Republicans had grown quiet about Iran and its ongoing nuclear program in recent months. That’s partly thanks to regional distractions like the Arab Spring, and a recent lull in the Green Movement’s public demonstrations . It’s also a tribute to Obama’s success at winning strong new sanctions against Tehran at the United Nations last year, temporarily placating conservatives who had been bashing him for extending a hand to Iran soon after he took office.

But the weird Iranian plan to kill Adel al Jubeir is reminding the right of their loathing for Tehran, that Iran’s nuclear program has been steadily marching on, and their sense that Obama has gone soft on Iran’s leaders. On Fox News last night, John McCain complained that the new sanctions are not doing enough harm, and insisted that Obama take tougher steps against the country’s leadership and shipping industry. The GOP candidates still seem to be sorting out their exact reactions to the alleged terror plot–Rick Perry seized on it to talk about border security, of all things–but with a new poll showing that almost half the country views Iran as an “enemy” of the U.S., they surely see the political opportunity here.

The big question is whether the coming months will reignite the debate about a potential military strike to disable Iran’s advancing nuclear program. With some expert warning that the window to inflict serious damage on that program is closing, the GOP’s Iran hawks may reassert themselves. Several of those hawks are advisers to Mitt Romney, for instance, and last week Romney advocated rattling our saber by moving U.S. aircraft carrier groups to the eastern Mediterranean and the Persian Gulf region. Rick Santorum, Herman Cain and even the foreign policy minimalist Jon Huntsman have all said military strikes on Iran might be necessary to stop its nuclear program, while Michele Bachmann calls Iran’s nuclear program “the most important thing.”

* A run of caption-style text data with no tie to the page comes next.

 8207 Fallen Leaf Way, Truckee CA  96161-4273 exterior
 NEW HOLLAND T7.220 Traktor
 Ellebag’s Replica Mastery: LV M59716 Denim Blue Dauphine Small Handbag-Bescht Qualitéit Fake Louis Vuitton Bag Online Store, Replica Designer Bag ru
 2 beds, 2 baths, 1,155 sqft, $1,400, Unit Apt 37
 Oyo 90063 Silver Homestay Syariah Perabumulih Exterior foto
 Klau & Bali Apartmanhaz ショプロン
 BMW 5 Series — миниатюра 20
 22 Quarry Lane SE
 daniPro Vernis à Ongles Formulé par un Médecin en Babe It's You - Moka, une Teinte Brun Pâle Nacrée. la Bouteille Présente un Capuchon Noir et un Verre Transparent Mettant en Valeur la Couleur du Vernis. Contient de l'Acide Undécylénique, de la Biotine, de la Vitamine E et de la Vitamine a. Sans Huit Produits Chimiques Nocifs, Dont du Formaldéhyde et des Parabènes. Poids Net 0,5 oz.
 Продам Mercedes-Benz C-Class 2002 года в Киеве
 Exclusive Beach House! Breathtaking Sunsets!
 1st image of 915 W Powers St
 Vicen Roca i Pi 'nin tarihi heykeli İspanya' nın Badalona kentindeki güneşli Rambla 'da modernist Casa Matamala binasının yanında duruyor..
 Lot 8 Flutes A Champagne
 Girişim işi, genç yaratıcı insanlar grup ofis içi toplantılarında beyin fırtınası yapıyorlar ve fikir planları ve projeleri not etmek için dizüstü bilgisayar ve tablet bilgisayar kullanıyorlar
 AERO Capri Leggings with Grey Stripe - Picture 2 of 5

For his part, President Obama has remained measured, saying that Iran must be held “accountable” for the terror plot, but not taking any visible steps just yet. However, some experts think the plot may have dealt the final blow to Obama’s long-standing hopes for a diplomatic solution to the nuclear standoff. If so, that places into the 2012 debate a fundamental, and extremely unpleasant, question. Namely, which is worse: a  military strike on Iran–or a nuclear-armed Iran?